I have addressed related themes in my article John A. Townsend, Collateral Estoppel in Civil Cases Following Criminal Convictions, 2005 TNT 4-28. My points in the article, bottom line, were (i) I accepted the universal holdings that the Government must prove by clear and convincing evidence that the taxpayer intended to defraud the Government of tax and must do so by something other than the mere sentencing findings of tax loss amount and (ii) that, once the Government shows fraud, then the sentencing tax loss finding could -- and should be -- be preclusive as to the amount. In both the civil and criminal proceedings, the amount determination is by a preponderance of the evidence. Now, as to the latter point, there is a razor-thin difference in the preponderance determinations in these proceedings -- i.e., in the sentencing proceeding, the Government is required to prove the amount by a preponderance but in the civil proceeding, the taxpayer is required to prove the amount not attributable to fraud. In my article, I argued that this razor thin difference (i.e., the difference being the state of equipoise which almost never is outcome determinative in the real world) is not significant enough to justify further litigation on the amount of the tax loss attributable to fraud.
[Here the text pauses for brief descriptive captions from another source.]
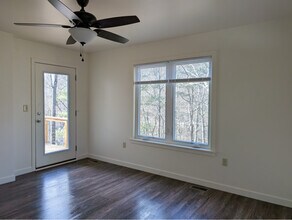 515 Lakeview Dr in Whitacre, VA - Building Photo - Building Photo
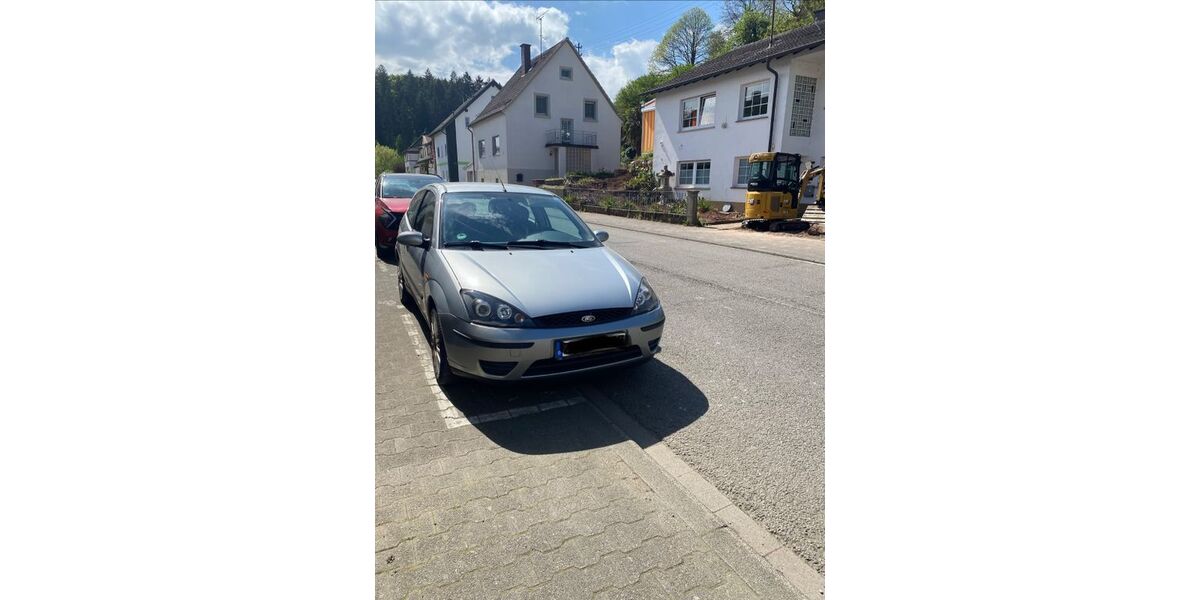 Ford Focus 119.200 km 1.700 &euro; Zweibrücken 66482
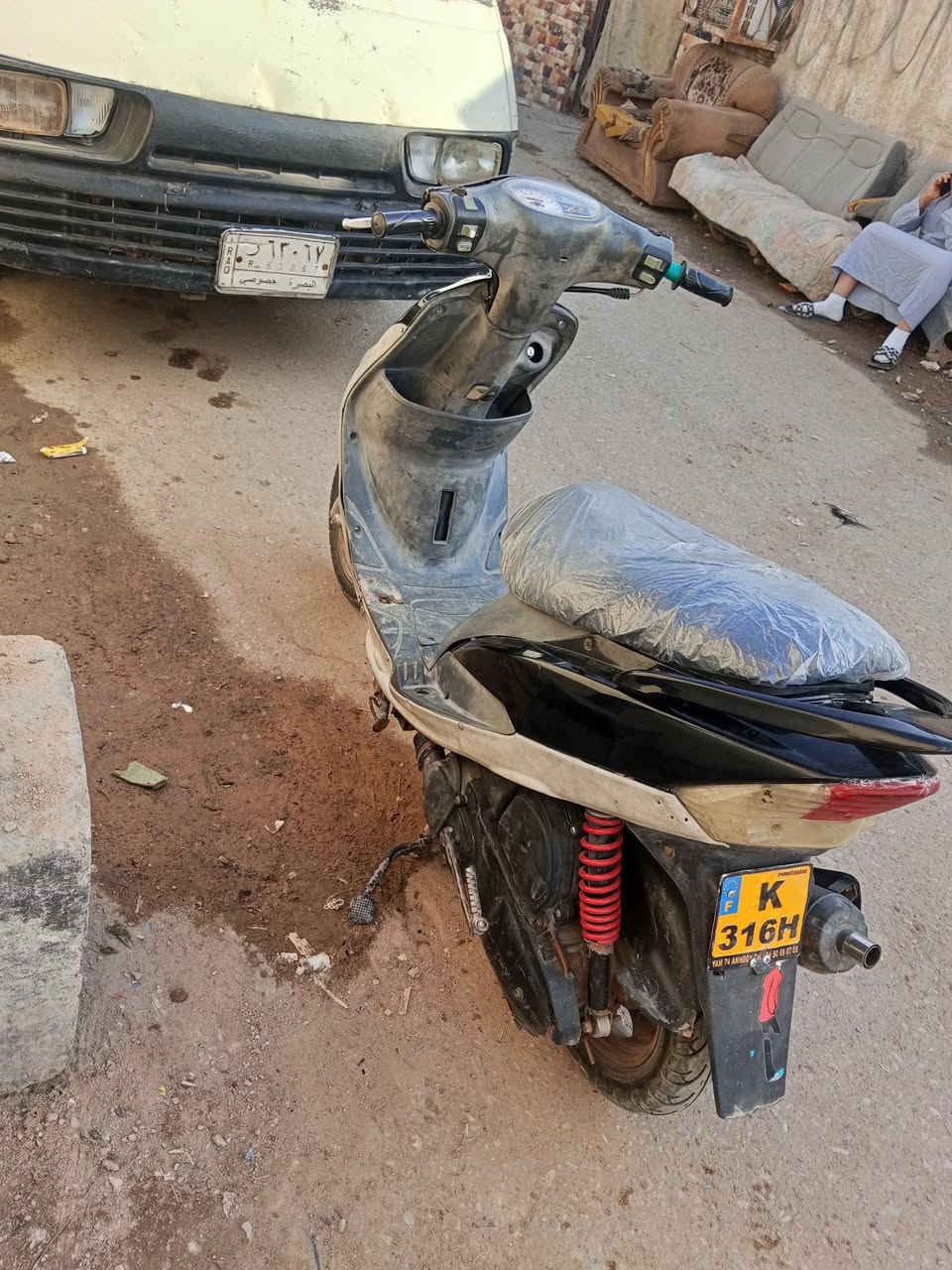 دراجه اللبيع الدراجه. مابيه شي شغاله الكهربائيت شغله كله انته اتسويهن وشتغلن مابيهن شي مفتوح مره واحد امبدل بوشه وبستم الدراجه شغاله. مابيه شي السعر 550 رقم الهاتف ***********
No court has accepted my arguments (in burden language, I have not met my burden), so the state of the law as I understand it now is that, in the subsequent civil tax proceeding after a § 7206(1) conviction, (i) the IRS must prove fraud by clear and convincing evidence, (ii) (and this is my reading of the tea leaves), the IRS cannot rely only on the sentencing tax loss finding (whether the result of stipulation or an evidentiary proceeding), but must put on evidence of that breathes some persuasive life into the fraud, and (iii) if the IRS does breathe life into the taxpayer’s alleged fraud by clear and convincing evidence, the taxpayer must then whittle down the amount of the total deficiency (or the amount the IRS asserts as fraud) by the preponderance of the evidence.
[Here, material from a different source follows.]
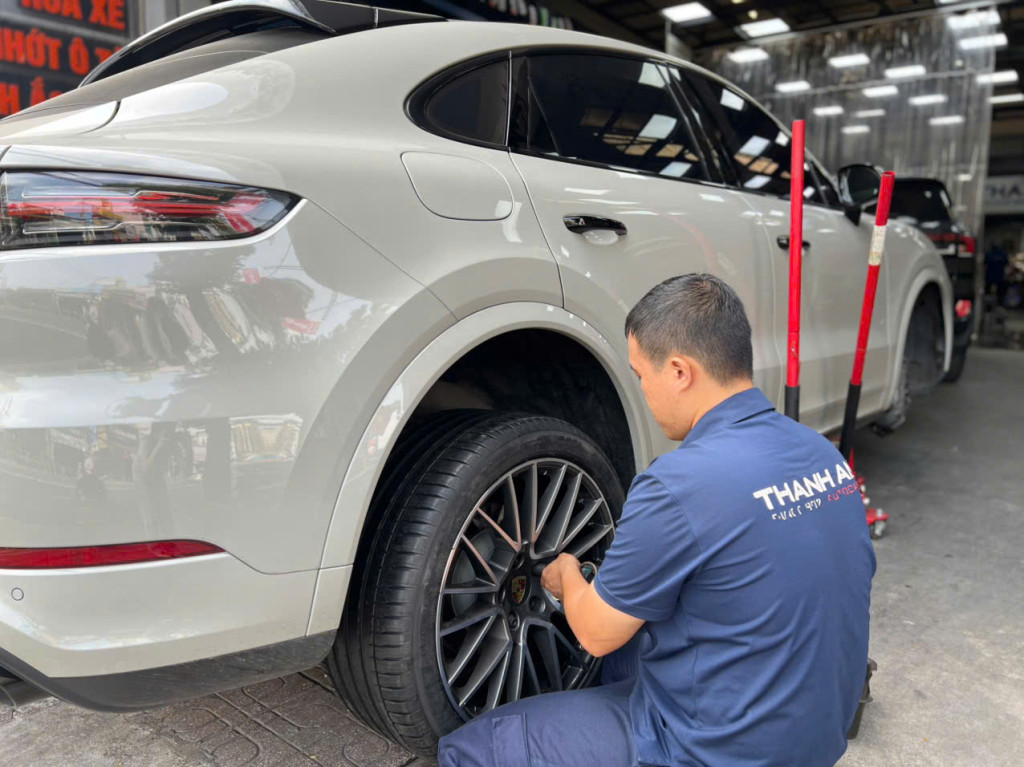 Chi tiết thay lốp Michelin Pilot Sport 4 SUV FRV cho dòng Porsche Cayenne ở Thanh An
The point of all this is that the stipulated tax loss, although containing both necessary “prepnderance” holdings as to the amount and as to the taxpayer's fraud, is not considered evidence sufficient alone to meet the IRS burden to prove fraud by clear and convincing evidence.
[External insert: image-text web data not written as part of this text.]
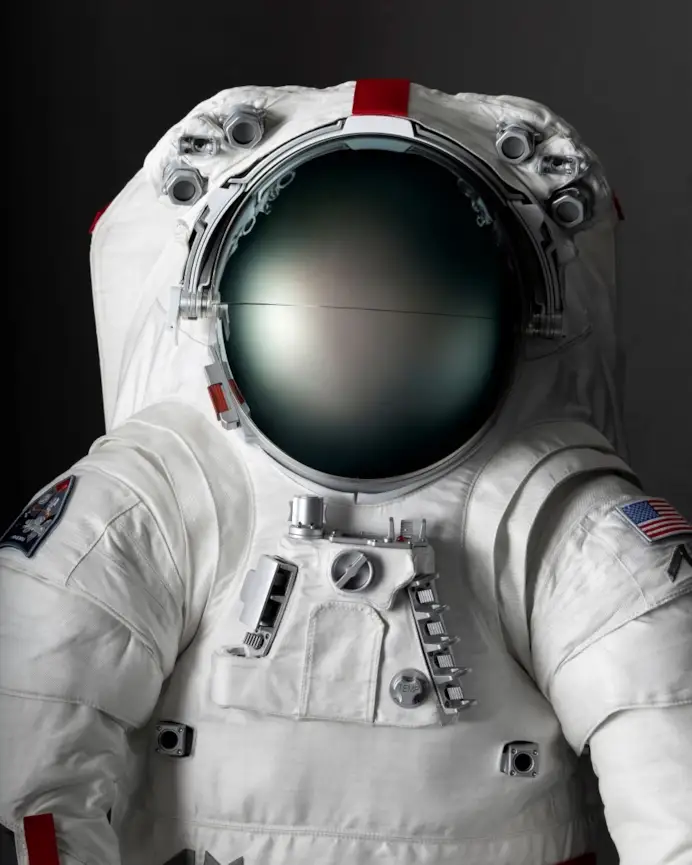 Una foto della spacesuit di Axiom Space per Prada (courtesy Prada group)
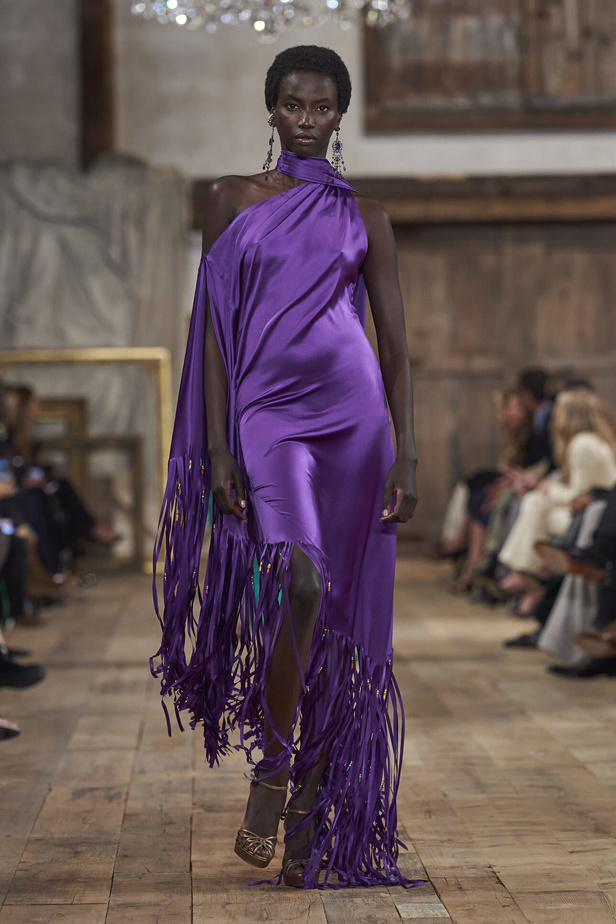 عرض أزياء مجموعة Ralph Lauren لربيع وصيف 2024.. مزيج الألوان وبريق اللون الذهبي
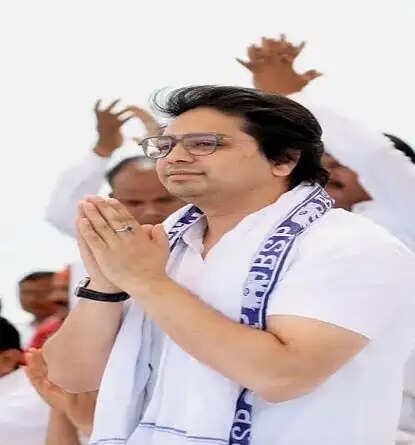 आकाश आनंद ने मायावती से मांगी माफी, आप मेरी बुआ और राजनीतिक गुरू
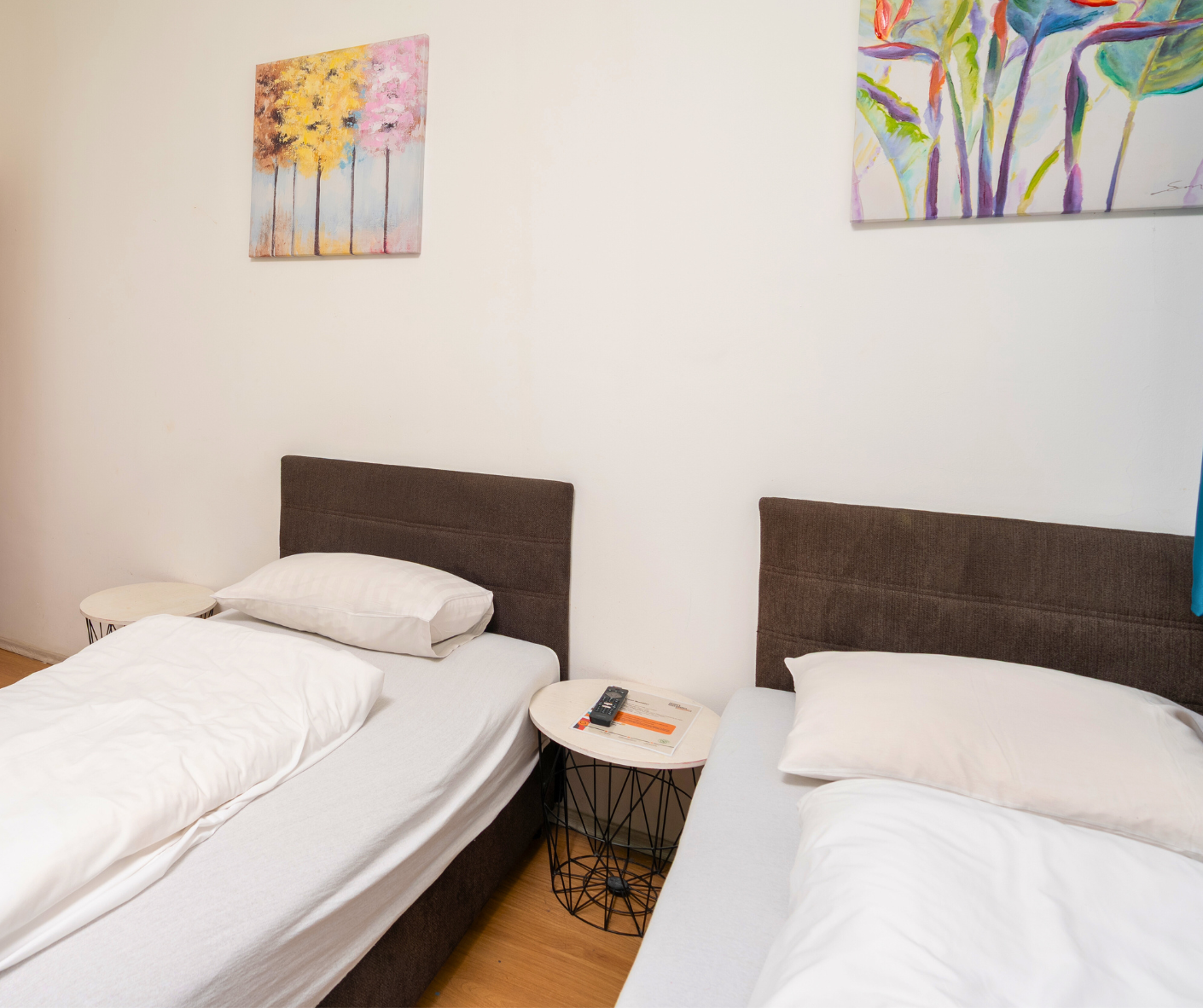 Twin Room w shared bathroom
Now, moving back to Kawashima, I think the Court mouthed the right words in saying that the amount could be in play in the immigration proceeding (i.e., no preclusive effect), but I disagree with the suggestion that the stipulation / sentencing finding could alone be clear and convincing evidence as to the fraudulent amount. I could agree that the sentencing amount determinations should be preclusive or perhaps even evidence standing alone without rebuttal of the amount if the Government in the immigration proceeding otherwise proved fraud, but as I noted, in the related context of civil tax proceedings, that is not the way the law has developed.